Wasn't there a thread on here by a guy who worked at a dealership? He took two brand new trucks with similar setups, one trip edge and one full trip. He hooked up a machine that's used in accident testing or something like that to measure stresses on the frame. If I remember correctly his conclusions were in favor of the full trip. Said the impact on a curb from a trip edge was like a low speed car crash.

Don't quote me, it's just what I remember from a few months ago.

I vote full trip because that's what I've used and I've never had a problem with it. But honestly, I've never plowed with a trip edge, and never used a V-plow. (Trip edge on a v-plow seems to make sense to me).

-Jay


----------



## NEUSWEDE (Mar 14, 2003)

I think if your going to get a straight blade full trip is the way to go but with a V plow you need a trip edge.
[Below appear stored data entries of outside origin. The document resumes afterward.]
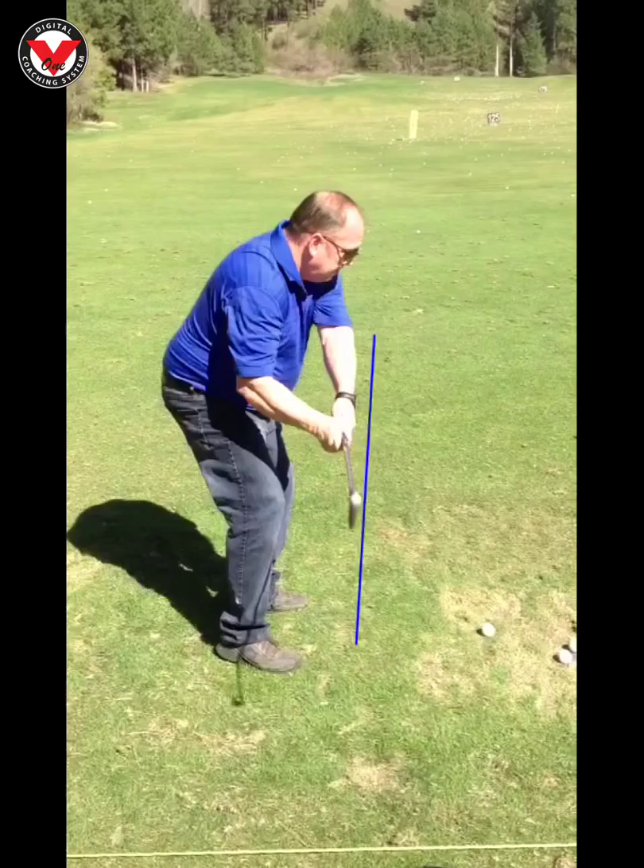First is where the club is right here — you can see that leading edge sitting just like that. Now we know that a perfectly square clubface is going to be matching the spine angle up, so we're just a little bit open in that position, which is probably one of the reasons we might be seeing that cut shot. We're going to look at this a little more with your driver as well.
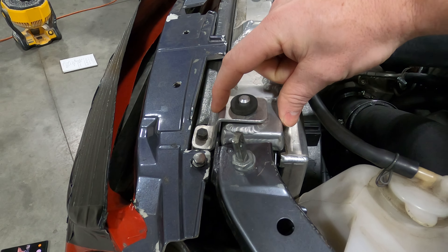Let's get into some data analysis. If you ever see me at the track in my trailer, this is most likely what I'm doing — I love comparing lap times and data. This is my Evo 9 versus my brother Casey's Evo 9, very similar cars. I'm at about 450 horsepower, he's at about 420. My car is about 200 pounds lighter, and all he has for aero is just a rear wing. Both have suspension, both on AO52s. I'm on 295s, he's on 255s.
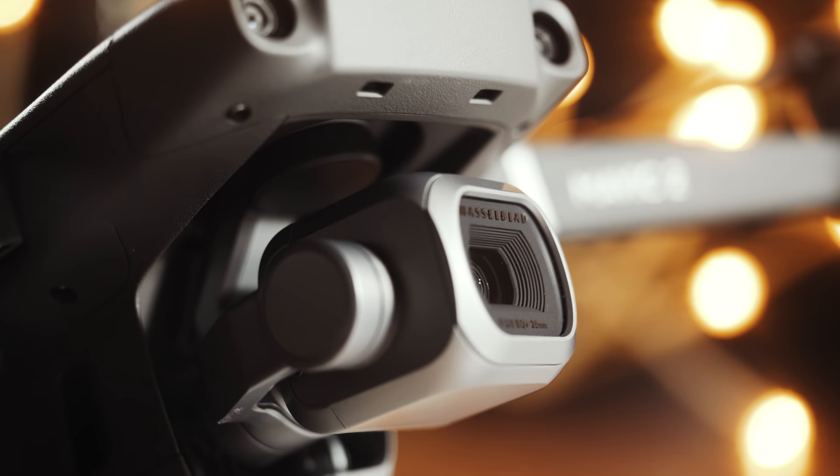Hey guys, my name is Matt Johnson, and today is an exciting day, because today I'm gonna be reviewing this powerful little fella, the DJI Mavic 2 Pro drone.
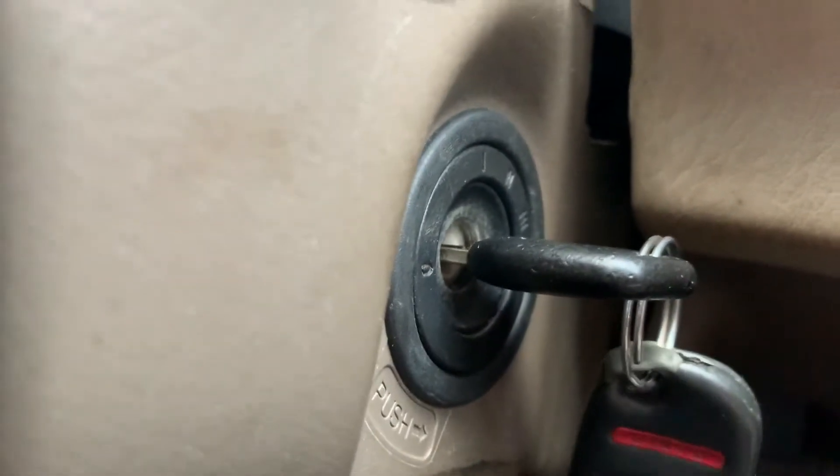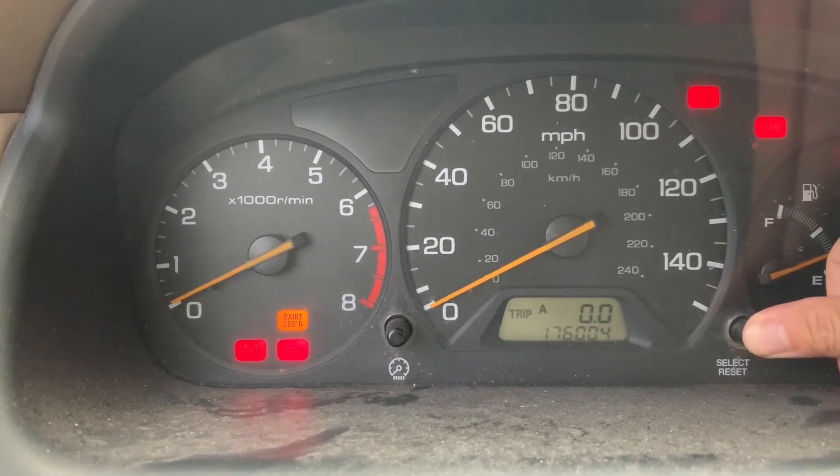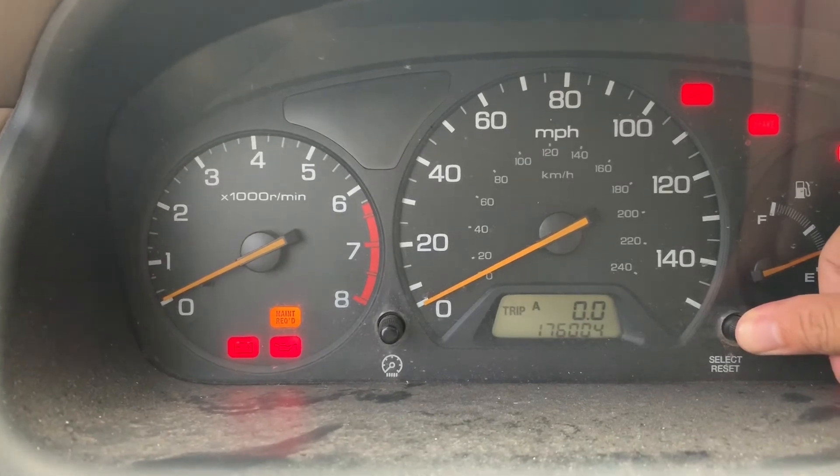Turn to the on position, which is right before ignition. Your light should just go on, and then the maintenance required light should go off.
I say this because Boss has a full trip on there V so if your Boss is in V position it has to come straight before it will trip and that doesn't sound good. The fisher V has a trip edge which is good so when your in V just the edge trips and will stay in V. I am not a fan of any one plow they all have problems in my eyes and I am choosing a fisher next year because they have the best support around me and I am going with an 8'6 V


----------



## Mark Oomkes (Dec 10, 2000)

Yes, if you are hitting a curb, the full trip would make more sense. But how many curbs do you hit compared to manholes, drains, potholes. If you are hitting curbs on a regular basis, you are going to have some other serious problems.


----------



## jeffw (Feb 5, 2005)

i had a fisher 8' straight with the trip edge, and now have a 8' straight western with the full trip with a shock absorber, i prefer the full trip to the fisher trip edge. it is alot more forgiving when it does trip. and with the full blade trip you can push over some obsticles like slanted curbs, and when you get some heavy stuff and a gravel lot you can slide it right over the junk. the fisher would dig right in and stop you dead, the western will allow you to see the plow start to go over and you can control the trip with pushing power. The western is a lighter plow that the fisher but i like the easy way it trips it is very soft and not the hard bang i used to get with my fisher.

Jeff


----------



## hesko1 (Dec 30, 2003)

*edge vs. blade*

I have plowed with both. I love the blade as long as there is enough spring to it and that can be easily adjusted. I see a lot of guys out there with their plows flopped over and I can understand their frustration. thighten the springs, get new ones, or have one added. In our case we have to plow over a lot of curbs, (tight parking areas.) With a blade this is very forgiving, even if you have been plowing all night and your timing is off for lifting the plow. With a trip edge if you don't have that plow lifted you might as well be hitting a brick wall when the mold board hits. AS for manhole covers, I feel the that the upper weight in a blade helps the plow roll over the obsticles easier as the weight is shifted/rolled forward. The trip edge has 600lbs. of weight applying pressure to a six inch wide piece of steel that by the way it is positioned it does not want to trip. When you hit a manhole with a trip edge even your teeth know it. Just my opinion!


----------



## jt5019 (Aug 28, 2003)

rogerfries said:


> Which is better? It seems to me that the trip blade style is better. When it trips I can see it and see when it comes back. Of course I've never used the Fisher trip edge style, but heard that you can trip the edge & not know it and that it wont come back until you stop. I have a old Western (I think), but just accuired a realy nice Fisher from a parts truck I bought. I was thinking about using the Fisher and was wondering what your opinions where on the subject.
> 
> Thanks


Both a work good.I prefer the fisher trip edge for the conditions i plow.I think it scrapes better and tends to not leave as much mess when it does trip.And yes you can tell when the fisher trips trust me


----------



## ratlover (May 5, 2003)

The trip edge can dump snow when it trips just like a full trip if you hit something hard.


----------



## justme- (Dec 28, 2004)

Trip edge dumps alot less than a blade trip. Yes you can tell when a trip edge trips (if you can't you shouldn't be driving let alone plowing) and no they cannot not reset for a while unless you have springs (springS) broken and/or missing.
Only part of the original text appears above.